I have become more and more part of the Seitaptiev family, even having Serdar called my grandson by a family friend. And so it is not surprising that two weekends later, they invited me to come with them to a trip to the village to visit Lenura’s mother and father. I had met both of them before but hadn’t been to the village where they live, about a 2-3 hour drive from here, so an overnight trip. We stopped at the beach coming and going, which was a real treat, especially on the return trip as for some reason the water was cooler and clearer. I have gone swimming more this summer than I have in years, and I am so loving it.
Liliye and Abulmeet live in a village of about 1000 people on the “steppes”—the vast prairie lands of northern Crimea and Ukraine. There isn’t a whole lot there—houses with large gardens, livestock, and fruit trees; a school; a few small stores; and a long low building that seems to be divided into a mosque in one half and an Orthodox church in the other half. Lenura’s parents have lived there since returning from Uzbekistan nineteen years ago, along with many other Crimean Tatar families—the town is over half Crimean Tatar. Liliye and Abulmeet have a small home along with several other small structures that they live and work in and also some sheds that house their three cows, chickens, and turkeys. Their place is surrounded by flower and vegetable gardens, and fruit trees loaded with apples, peaches, plums, and cherries earlier in the season. On the hot summer days of our visit, life takes place outdoors—cooking in the outside summer kitchen, eating and hanging out under the grape arbor. Liliye’s sister and her husband who is the director of the school came over for dinner, and it was wonderful sitting around the table, feeling the evening breezes, eating the delicious Crimean Tatar dishes, talking and laughing.

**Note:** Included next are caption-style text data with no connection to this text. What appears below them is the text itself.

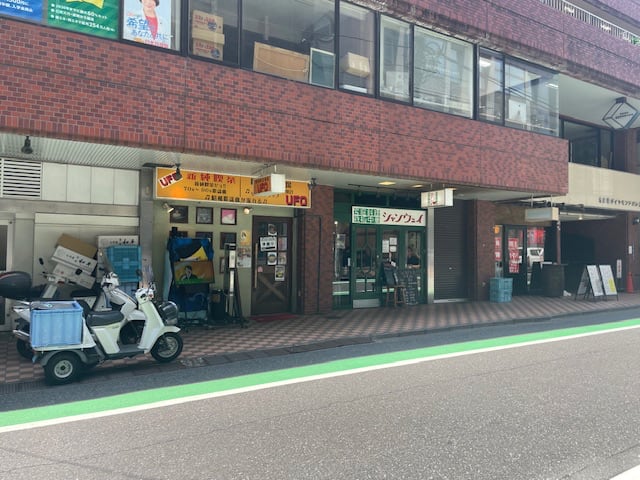 v20250427002254/fresh/building/J00100387789_13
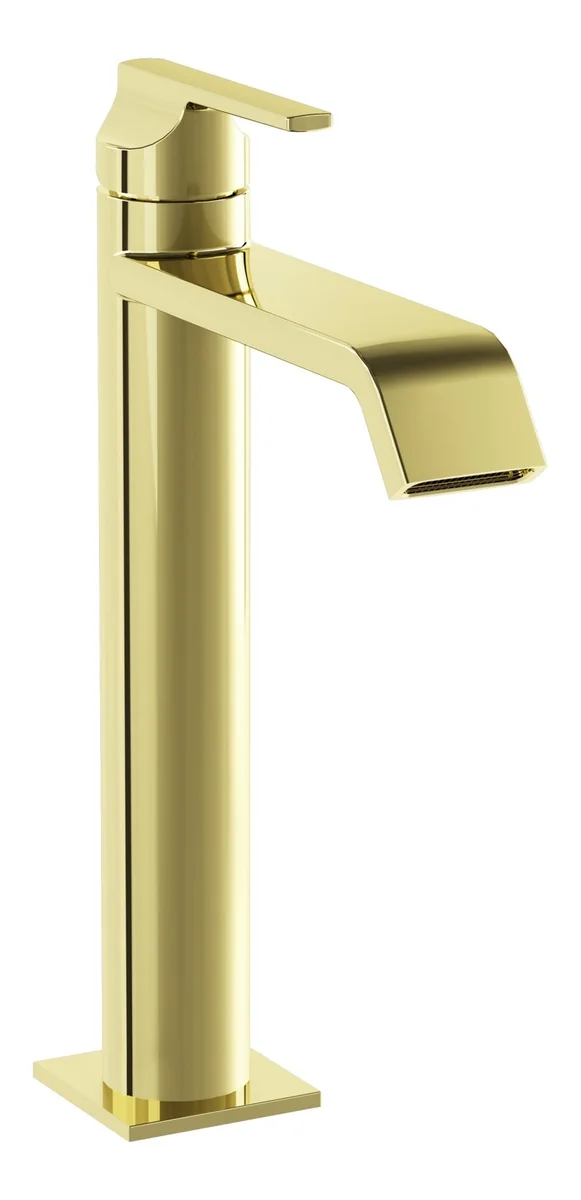 bathroomessence202606031115382218478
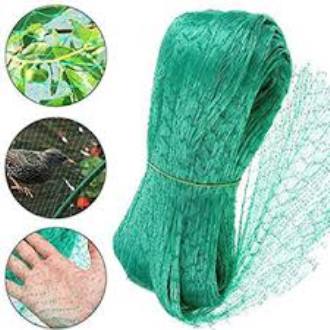 Picture of Garden Fencing Net#Fencing Net#(100 Fit +- By 4Fit 1 Pcs)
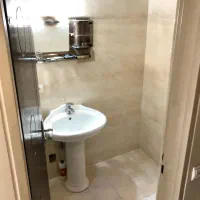 ۶۵متر فاطمی / باامکانات / گزینه نهایی هرانتخاب|اجارهٔ آپارتمان|تهران, فاطمی|دیوار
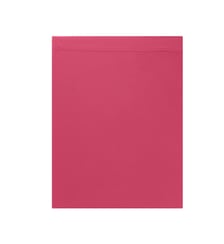 Drap plat Studio Coton Dodo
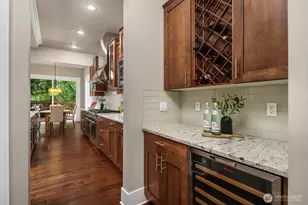 2219 244th Ave SE, Sammamish, WA 98075 - Photo 13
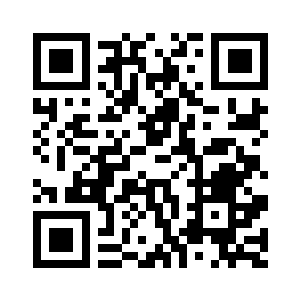 开始询问起了周边的情况二维码生成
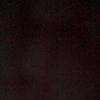 annaa_0615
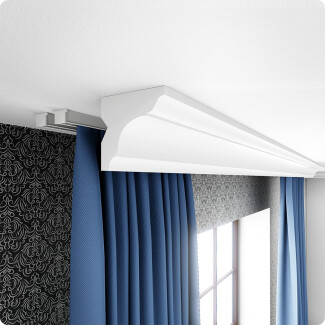 Maskownica Karnisza FK1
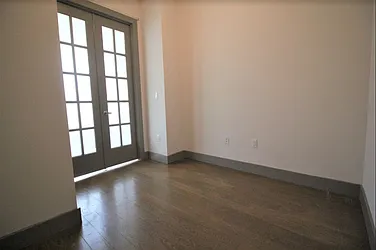 Rented by Hagstrom Management Inc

It is so precious to me to be included in their family the way I am now, that I could be at such a gathering and really feel part of it, despite my lack of understanding of much of the conversation.
There is more I want to write, but perhaps I will end this now. Feeling I should lie down some more, and you, my dear reader, probably are tired of reading. Will tell about my other adventures of the last few weeks in my next post. Much love from Crimea.

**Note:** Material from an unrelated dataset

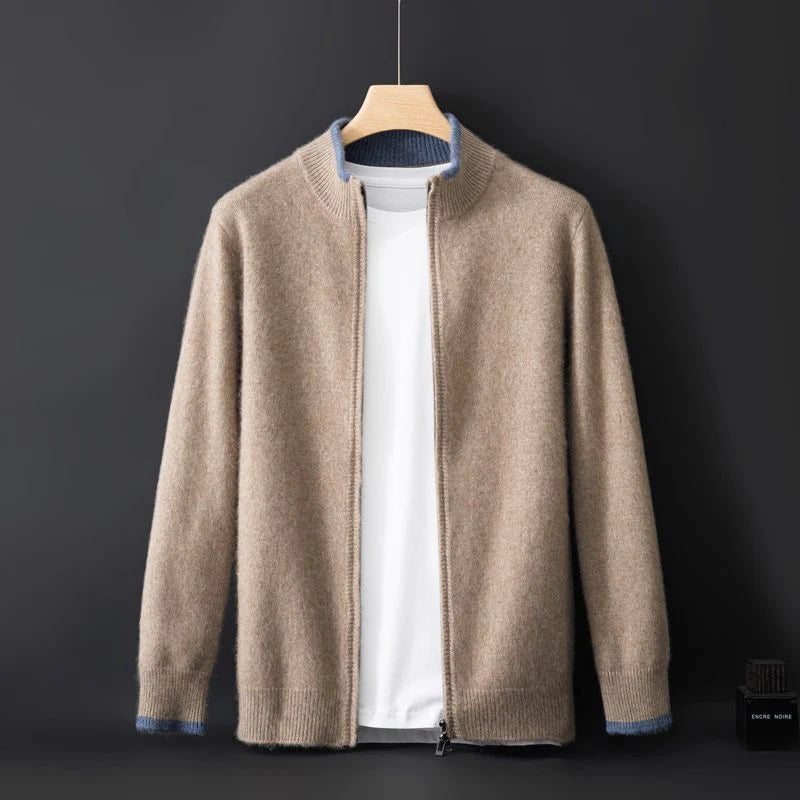  - Amawinc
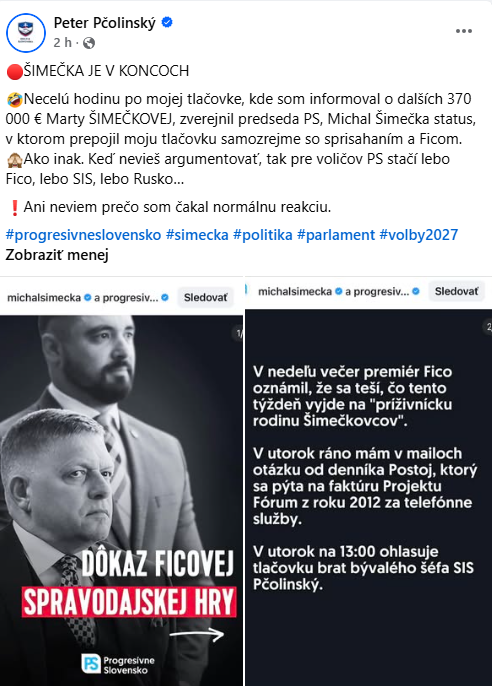 Pcolinsky.png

  1. Wonderful post of your new Crimean Tatar family! A feeling of belonging and love. I am happy for you. Be well.

  2. Barb, dear, hope you are feeling better now. Thanks for taking time from your sickbed to catch us up to date on your adventures, and on the poor sheep. I do think from time to time that we shouldn't eat food we're not prepared to kill ourselves, but then my carnivorous appetites overtake my moral intentions--but that sad-eyed sheep--hard to overcome!